Oggi, 20 ottobre, ricorre la nascita di Antonio Maria De Luca, figura centrale del patriottismo cilentano, nato a Celle di Bulgheria nel 1764. Presbitero e fervente sostenitore della libertà, fu l’anima e il martire più illustre dei moti insurrezionali del Cilento del 1828.
Fin da giovane intraprese il cammino ecclesiastico presso il seminario di Caposele, dove fu ordinato sacerdote. Il 21 marzo 1791 conseguì la laurea in teologia, avviandosi a una vita dedicata alla predicazione e all’impegno spirituale.
Negli anni successivi si distinse per la predicazione delle missioni sacre, affinando un’eloquenza che gli valse la nomina a canonico della Cattedrale di Policastro. Influenzato dalle idee giacobine, avviò un’intensa attività politica clandestina, orientata alla causa della libertà.
Il suo nome cominciò a circolare rapidamente a Napoli e nelle province del Regno, attirando l’attenzione delle autorità. Nel 1798 fu arrestato insieme ad altri patrioti, ma dopo la scarcerazione aderì alla carboneria, intensificando il suo impegno rivoluzionario.
Con la caduta della Repubblica Partenopea e il ritorno di Ferdinando I sul trono nel 1815, le province del Regno furono teatro di nuove rivolte. Il sovrano fu costretto nel 1820 a concedere la costituzione spagnola e a indire le elezioni per il parlamento napoletano.
La posizione politica di De Luca si consolidò, ma fu costretto a risiedere a Napoli sotto sorveglianza. In questa condizione, intensificò i contatti con altri patrioti e carbonari, lavorando alla preparazione di una nuova insurrezione.
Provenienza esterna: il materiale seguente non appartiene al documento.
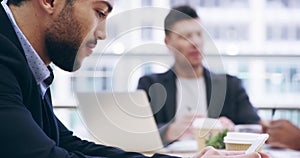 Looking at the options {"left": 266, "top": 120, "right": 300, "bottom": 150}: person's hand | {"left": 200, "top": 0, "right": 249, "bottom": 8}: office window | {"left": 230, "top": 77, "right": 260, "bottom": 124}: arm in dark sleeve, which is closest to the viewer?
{"left": 266, "top": 120, "right": 300, "bottom": 150}: person's hand

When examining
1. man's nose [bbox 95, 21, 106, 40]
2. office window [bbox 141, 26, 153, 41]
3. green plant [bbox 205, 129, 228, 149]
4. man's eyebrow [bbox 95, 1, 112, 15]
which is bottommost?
green plant [bbox 205, 129, 228, 149]

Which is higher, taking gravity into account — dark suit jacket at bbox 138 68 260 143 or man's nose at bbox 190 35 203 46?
man's nose at bbox 190 35 203 46

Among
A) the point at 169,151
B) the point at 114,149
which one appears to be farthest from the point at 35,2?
the point at 169,151

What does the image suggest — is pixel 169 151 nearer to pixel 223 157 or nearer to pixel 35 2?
pixel 223 157

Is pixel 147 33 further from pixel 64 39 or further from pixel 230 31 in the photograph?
pixel 230 31

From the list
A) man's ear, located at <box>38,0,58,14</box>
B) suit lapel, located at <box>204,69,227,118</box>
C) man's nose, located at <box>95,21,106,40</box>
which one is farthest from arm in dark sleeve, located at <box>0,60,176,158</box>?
suit lapel, located at <box>204,69,227,118</box>

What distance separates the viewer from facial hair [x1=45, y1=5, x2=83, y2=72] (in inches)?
41.9

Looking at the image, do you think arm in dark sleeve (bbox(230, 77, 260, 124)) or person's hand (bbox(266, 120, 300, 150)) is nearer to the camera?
person's hand (bbox(266, 120, 300, 150))

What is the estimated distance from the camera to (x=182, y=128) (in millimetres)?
1926

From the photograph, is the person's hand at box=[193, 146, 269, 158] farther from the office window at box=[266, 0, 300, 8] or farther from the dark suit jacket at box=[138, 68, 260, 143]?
the office window at box=[266, 0, 300, 8]

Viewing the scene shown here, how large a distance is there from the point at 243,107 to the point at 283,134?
0.58 m

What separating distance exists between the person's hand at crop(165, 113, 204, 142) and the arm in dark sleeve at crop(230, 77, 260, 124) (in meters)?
0.43

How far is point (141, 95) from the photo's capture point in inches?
72.3

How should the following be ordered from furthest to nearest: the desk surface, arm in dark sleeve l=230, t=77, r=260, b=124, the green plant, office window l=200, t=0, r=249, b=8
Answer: office window l=200, t=0, r=249, b=8
arm in dark sleeve l=230, t=77, r=260, b=124
the desk surface
the green plant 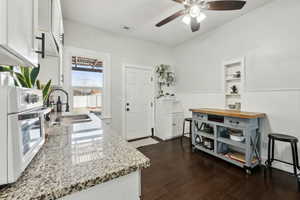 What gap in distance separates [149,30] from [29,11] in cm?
284

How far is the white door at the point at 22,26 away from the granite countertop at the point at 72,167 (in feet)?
1.61

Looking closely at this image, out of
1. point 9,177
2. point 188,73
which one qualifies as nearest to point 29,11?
point 9,177

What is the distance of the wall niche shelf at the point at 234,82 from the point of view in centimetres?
250

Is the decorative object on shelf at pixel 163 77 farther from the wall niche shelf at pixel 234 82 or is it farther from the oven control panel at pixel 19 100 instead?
the oven control panel at pixel 19 100

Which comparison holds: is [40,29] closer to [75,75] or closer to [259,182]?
[75,75]

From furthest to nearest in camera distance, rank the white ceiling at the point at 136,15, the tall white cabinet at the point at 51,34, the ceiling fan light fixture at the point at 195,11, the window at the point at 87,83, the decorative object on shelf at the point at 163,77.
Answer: the decorative object on shelf at the point at 163,77 < the window at the point at 87,83 < the white ceiling at the point at 136,15 < the ceiling fan light fixture at the point at 195,11 < the tall white cabinet at the point at 51,34

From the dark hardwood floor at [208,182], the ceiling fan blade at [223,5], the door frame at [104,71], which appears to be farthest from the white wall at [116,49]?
the ceiling fan blade at [223,5]

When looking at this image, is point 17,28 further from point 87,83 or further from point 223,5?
point 87,83

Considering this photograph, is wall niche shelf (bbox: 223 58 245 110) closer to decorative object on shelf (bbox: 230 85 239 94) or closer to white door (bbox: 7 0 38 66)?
decorative object on shelf (bbox: 230 85 239 94)

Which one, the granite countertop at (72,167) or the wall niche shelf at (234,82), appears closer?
the granite countertop at (72,167)

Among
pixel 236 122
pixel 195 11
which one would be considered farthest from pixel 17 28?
pixel 236 122

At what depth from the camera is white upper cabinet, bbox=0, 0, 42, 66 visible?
0.44 m

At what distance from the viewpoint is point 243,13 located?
2439 mm

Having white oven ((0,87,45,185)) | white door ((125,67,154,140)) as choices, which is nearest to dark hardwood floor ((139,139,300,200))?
white door ((125,67,154,140)) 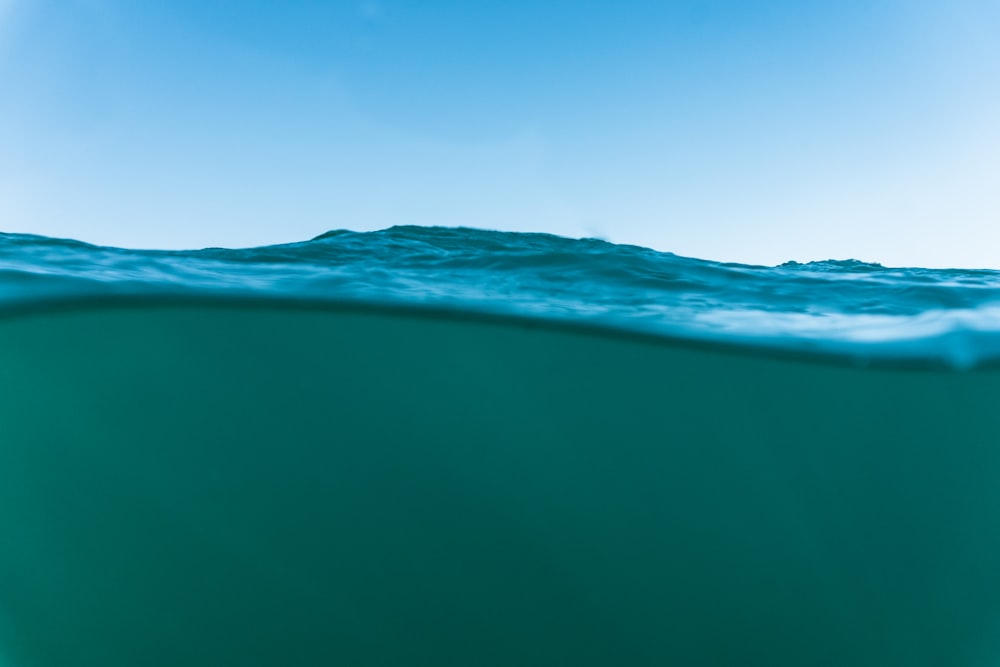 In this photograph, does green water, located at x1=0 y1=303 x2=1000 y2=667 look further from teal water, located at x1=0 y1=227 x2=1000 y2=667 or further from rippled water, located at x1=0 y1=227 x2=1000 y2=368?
rippled water, located at x1=0 y1=227 x2=1000 y2=368

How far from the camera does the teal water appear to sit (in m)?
6.33

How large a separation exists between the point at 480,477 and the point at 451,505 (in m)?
0.63

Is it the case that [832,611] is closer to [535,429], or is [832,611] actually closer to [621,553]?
[621,553]

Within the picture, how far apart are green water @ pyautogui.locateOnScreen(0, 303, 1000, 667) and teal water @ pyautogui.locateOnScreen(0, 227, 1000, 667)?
0.03 meters

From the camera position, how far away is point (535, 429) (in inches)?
277

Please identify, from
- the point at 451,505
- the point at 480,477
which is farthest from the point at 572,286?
the point at 451,505

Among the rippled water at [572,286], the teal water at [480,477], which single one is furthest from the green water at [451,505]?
the rippled water at [572,286]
Il ritorno di De Luca nel Cilento fu decisivo: nella notte tra il 27 e il 28 giugno 1828 scoppiò la rivolta. Gli insorti occuparono il forte di Palinuro, ma un informatore rivelò i piani alla Polizia, che arrestò i principali capi della carboneria e numerosi patrioti tra Napoli, Salerno e Vallo della Lucania.
De Luca riuscì inizialmente a sfuggire, rifugiandosi in una casa di campagna, da dove continuò a impartire ordini ai suoi compagni, esortandoli a evitare la cattura a ogni costo.
La repressione fu brutale. Temendo rappresaglie contro la sua città natale, De Luca decise di costituirsi. Fu arrestato insieme al nipote, anch’egli sacerdote. Prima dell’esecuzione, subirono una singolare “sconsacrazione”.
La notte precedente alla condanna, un frate li assistette in cella. De Luca gli affidò un messaggio per Ludovico Coscia, vecchio amico e compagno carbonaro: “Morivo tranquillo per il bene comune e lo sceglieva come vendicatore del sangue proprio e dei compagni”.
All’alba del 28 luglio 1828, i due furono condotti al patibolo. De Luca tentò di rivolgersi al popolo per un ultimo discorso, ma la sua voce fu soffocata dai colpi dei fucili.